Now we can finally solve for the higher heating value of the mixture

$(HHV)=x_{CH_{4}}\cdot (HHV)_{CH_{4}}+x_{C_{2}H_{6}}\cdot (HHV)_{C_{2}H_{6}}+x_{C_{3}H_{8}}\cdot (HHV)_{C_{3}H_{8}}$

$(HHV)=[(0.574)\cdot (55.6)+(0.215)\cdot (52.0)+(0.211)\cdot (50.3)]$

$(HHV)=53.7{\frac {MJ}{kg}}$

Problem 2

Question

An equimolar liquid mixture of water and ethanol at 25 °C is fed continuously to a vessel in which the mixture is heated to 80 °C. The liquid product is 0.6 mole % E, and the vapor product is 99.4 mole % E. How much heat must be transferred to the mixture per g-mole of feed? (Bit unrealistic since almost all the ethanol would have been evaporated, but hey, question the world).

Answer

List all assumptions:

Basis: 1 mol feed

Let's figure out the mass balance of this process first:

${\text{Total balance:}}{\text{ }}1.00mol=n_{V}+n_{L}$

${\text{Ethanol balance:}}{\text{ }}0.500mol=0.006\cdot n_{V}+0.994\cdot n_{L}$

Next

Our energy balance has the form:

$Q=\Delta {H}$

And our enthalpy table for the process is:

Substance	$n_{in}$	${\hat {H_{in}}}$	$n_{out}$	${\hat {H_{out}}}$
$H2O_{(l)}$	0.5	0	3.35	${\hat {H_{1}}}$
$Ethanol_{(l)}$	0.5	0	3.35	${\hat {H_{2}}}$
$H2O_{(v)}$	-	-	63.55	${\hat {H_{3}}}$
$Ethanol_{(v)}$	-	-	33.1	${\hat {H_{4}}}$

Note: We do not know the feed-stream pressure and so we assume that $\Delta {H}$ for the change from 1 atm to $P_{feed}$ is negligible, and since the process is not running at an unusually low temperature or high pressure, we neglect the effects of pressure on the enthalpy calculations. The tables used in the calculations are referenced here [(Ethanol)](https://en.wikipedia.org/wiki/Ethanol_(data_page)) and here [(Water)](http://webbook.nist.gov/cgi/cbook.cgi?ID=C7732185&Type=JANAFL&Plot=on=JANAFL).
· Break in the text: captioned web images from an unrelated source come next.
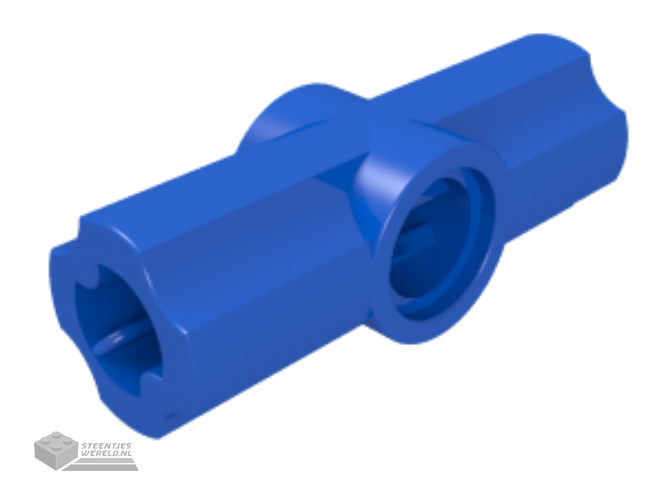 32039 – Technic, Asconnector met asgat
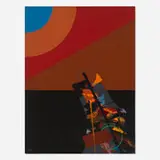 Sidney Gross, Probe Abstract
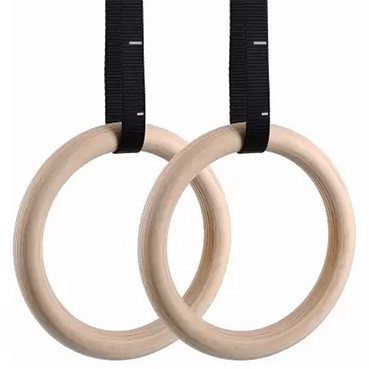 Gymnastic Rings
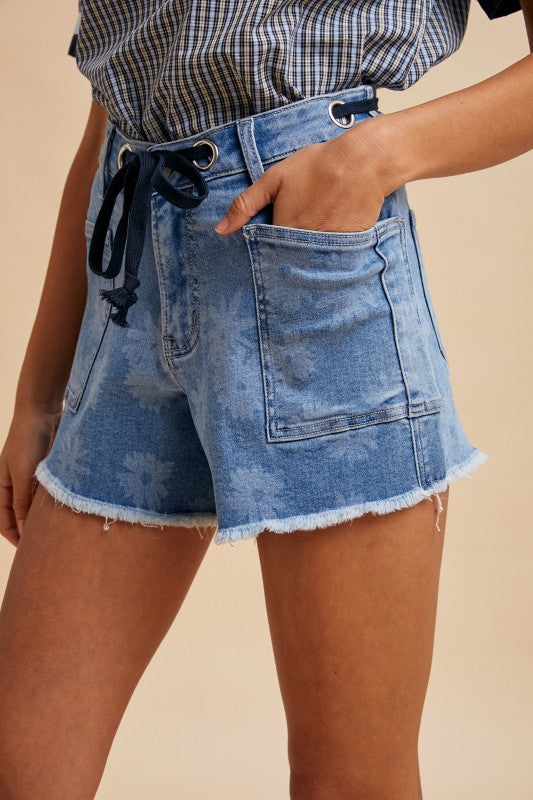 Celia Shorts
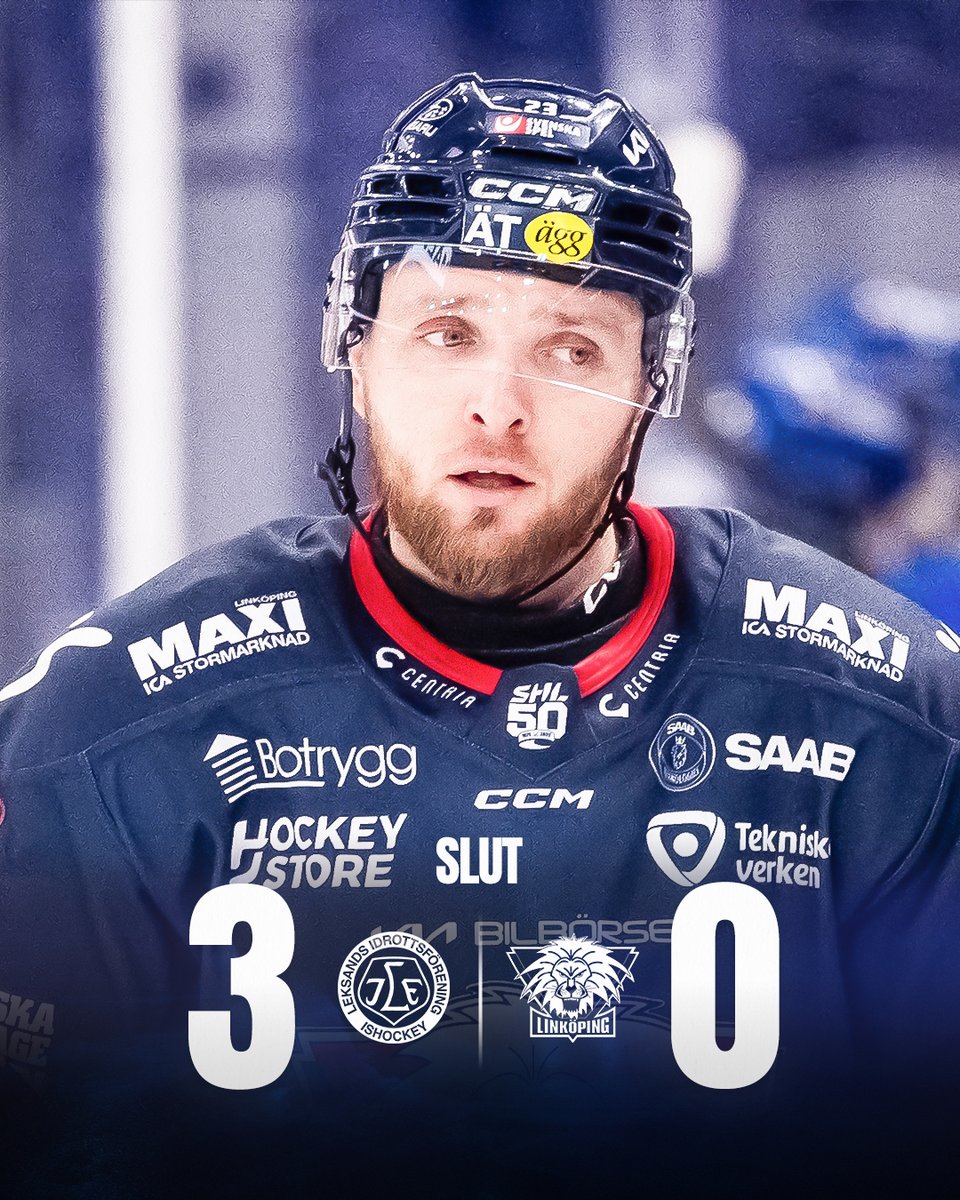 Linköping Hockey Club tweet media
${\hat {H_{1}}}=\int \limits _{25C}^{80C}(C_{p})_{H_{2}O_{(L)}}dT$

${\hat {H_{2}}}=\int \limits _{25C}^{80C}(C_{p})_{Ethanol_{(L)}}dT$

${\hat {H_{3}}}=\int \limits _{25C}^{100C}(C_{p})_{H_{2}O_{(L)}}dT+(\Delta {\hat {H}})_{V,H_{2}O}(100C)+\int \limits _{100C}^{80C}(C_{p})_{H_{2}O_{(V)}}dT$

${\hat {H_{4}}}=\int \limits _{25C}^{100C}(C_{p})_{Ethanol_{(L)}}dT+(\Delta {\hat {H}})_{V,Ethanol}(100C)+\int \limits _{100C}^{80C}(C_{p})_{Ethanol_{(V)}}dT$